-- Task to carry out --
Beginning with the line containing "A range of Dirty", write out each line exactly through the end of the listing, and skip all pictures.

---------- Material for this task ----------

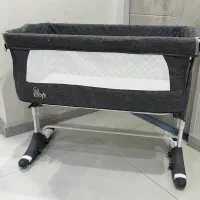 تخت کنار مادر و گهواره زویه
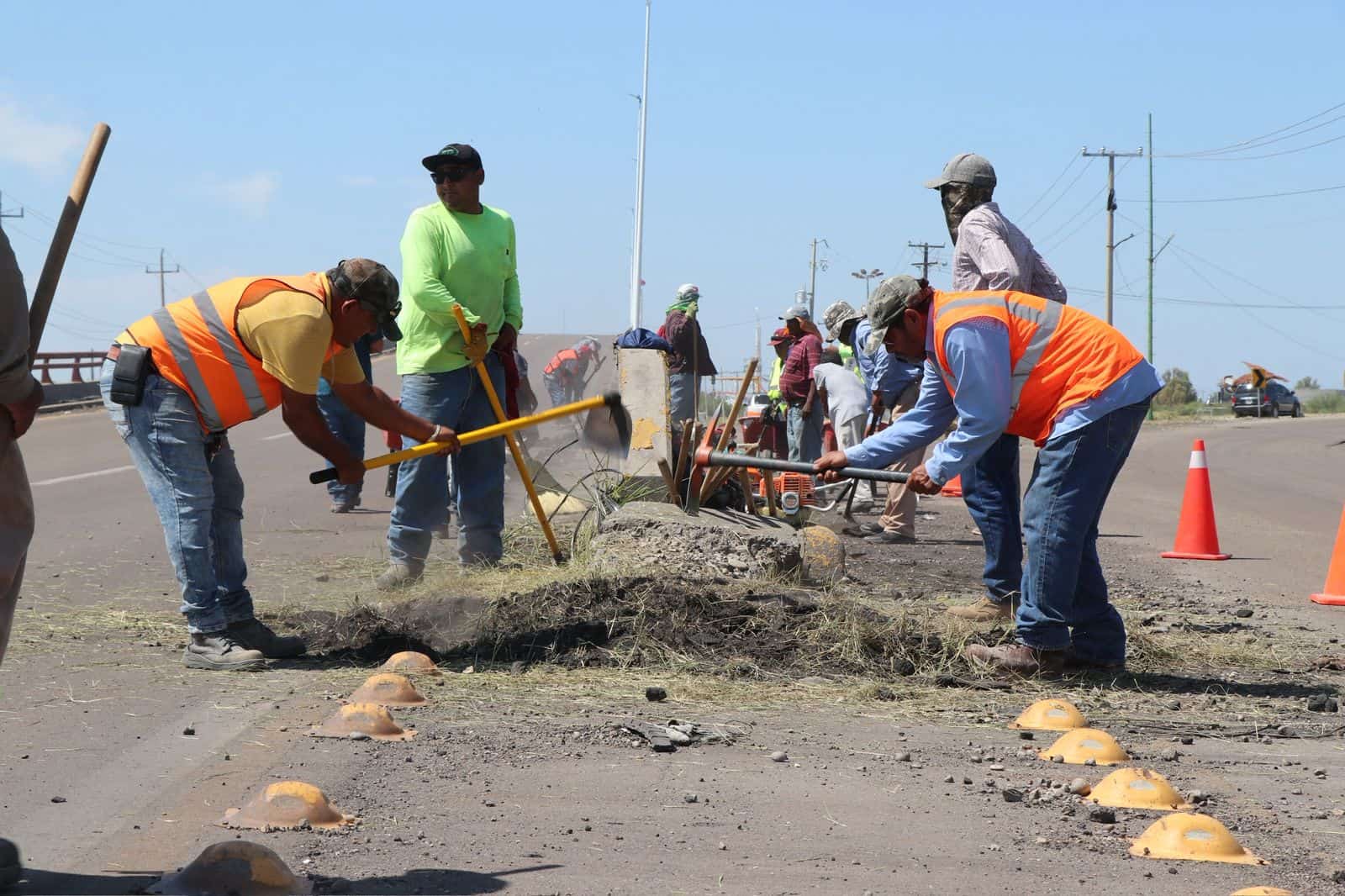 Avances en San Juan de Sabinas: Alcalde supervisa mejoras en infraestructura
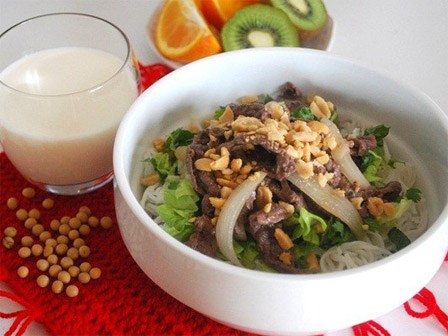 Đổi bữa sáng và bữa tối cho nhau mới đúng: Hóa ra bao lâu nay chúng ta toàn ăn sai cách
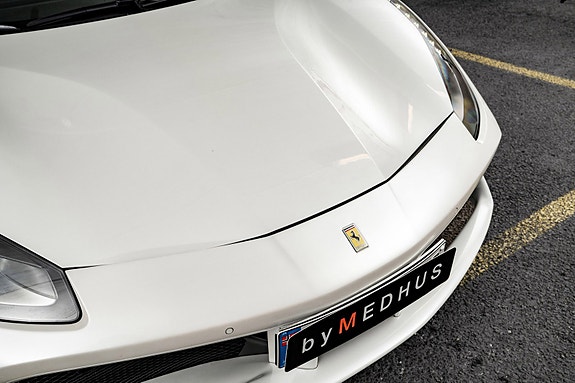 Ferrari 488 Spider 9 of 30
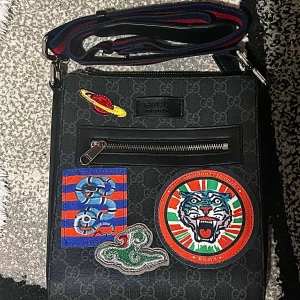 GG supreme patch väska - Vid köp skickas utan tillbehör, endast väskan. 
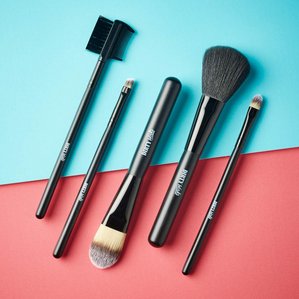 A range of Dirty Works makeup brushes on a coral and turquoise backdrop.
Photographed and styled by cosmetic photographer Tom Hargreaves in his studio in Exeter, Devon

----------

-- Exercise result --
 A range of Dirty Works makeup brushes on a coral and turquoise backdrop.
Photographed and styled by cosmetic photographer Tom Hargreaves in his studio in Exeter, Devon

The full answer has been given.